» DIRECTIONS FOR THIS TASK: Your answer must be an exact copy of the data below, minus any pictures.

» MATERIAL PROVIDED:
-- Opening Marker --

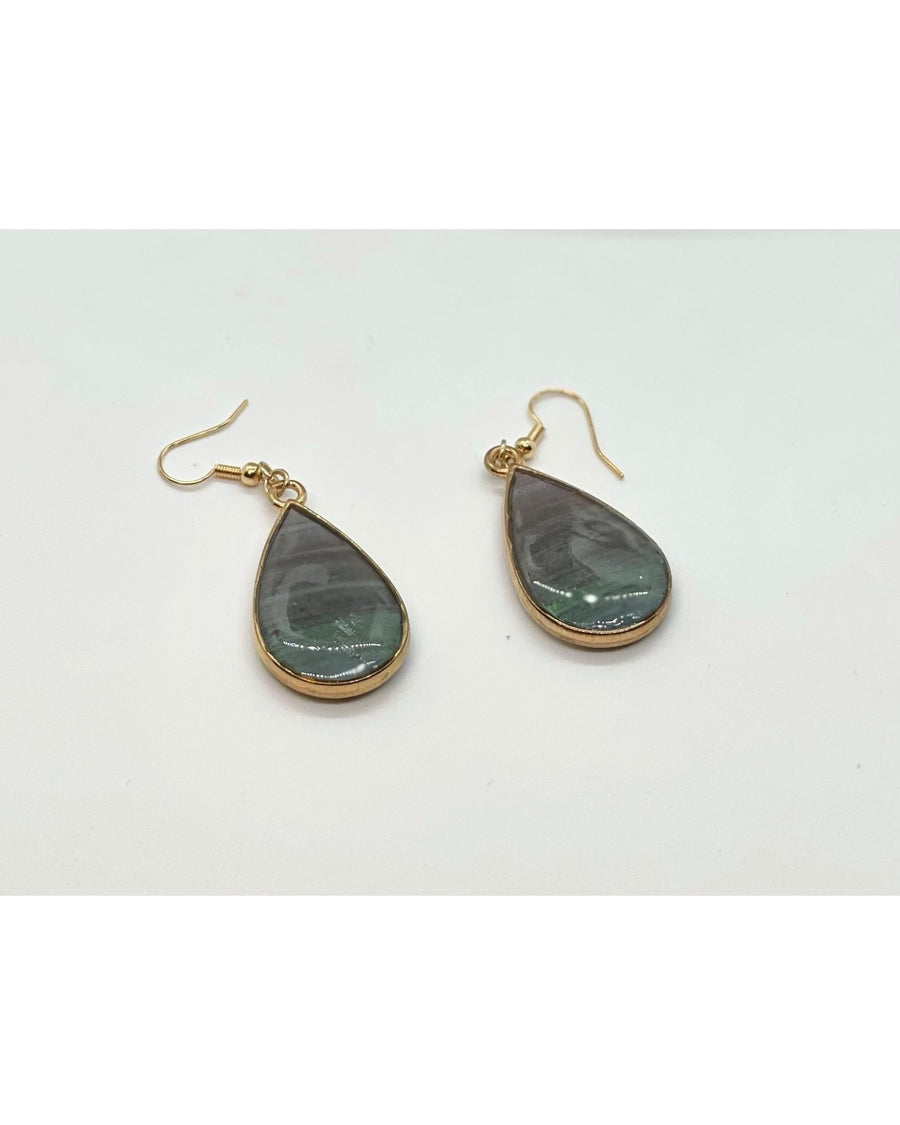 Motley Oval Earrings with Brass Colored Accents - Bodacious Bijous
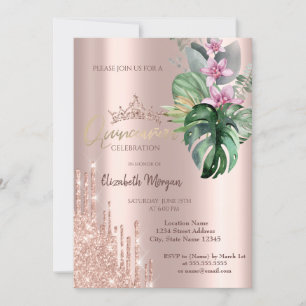 Convite Flores Tropicais em Glitter de Rosa Dourado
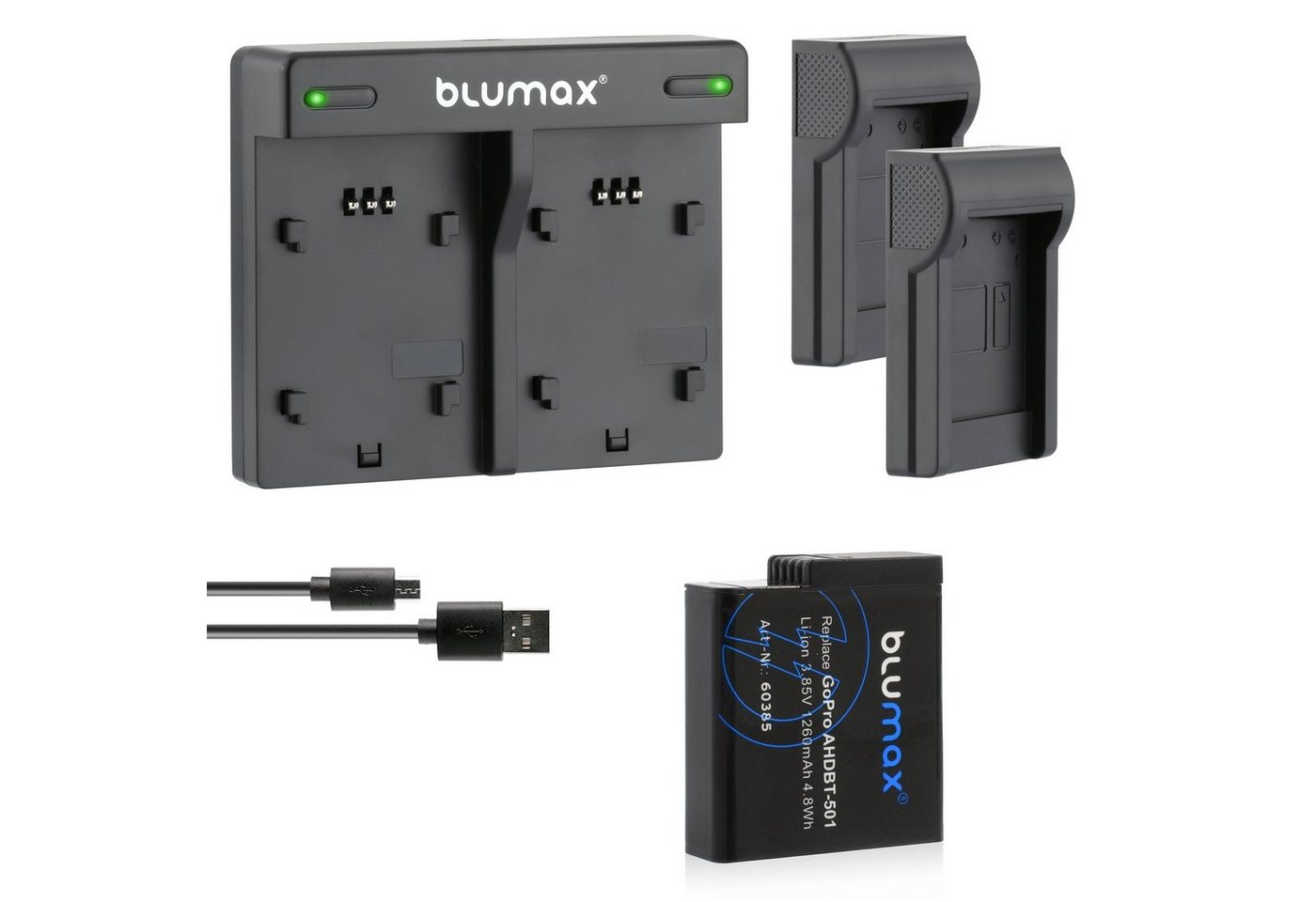 Blumax Set mit Lader für GoPro Hero 2018 AHDBT-501 1260mAh Kamera-Ladegerät Blumax Set mit Lader für GoPro Hero 2018 AHDBT-501 1260mAh Kamera-Ladegerät von Blumax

-- Closing Marker --

» OUTPUT FOR THIS EXERCISE:
 Motley Oval Earrings with Brass Colored Accents - Bodacious Bijous
 Convite Flores Tropicais em Glitter de Rosa Dourado
 Blumax Set mit Lader für GoPro Hero 2018 AHDBT-501 1260mAh Kamera-Ladegerät Blumax Set mit Lader für GoPro Hero 2018 AHDBT-501 1260mAh Kamera-Ladegerät von Blumax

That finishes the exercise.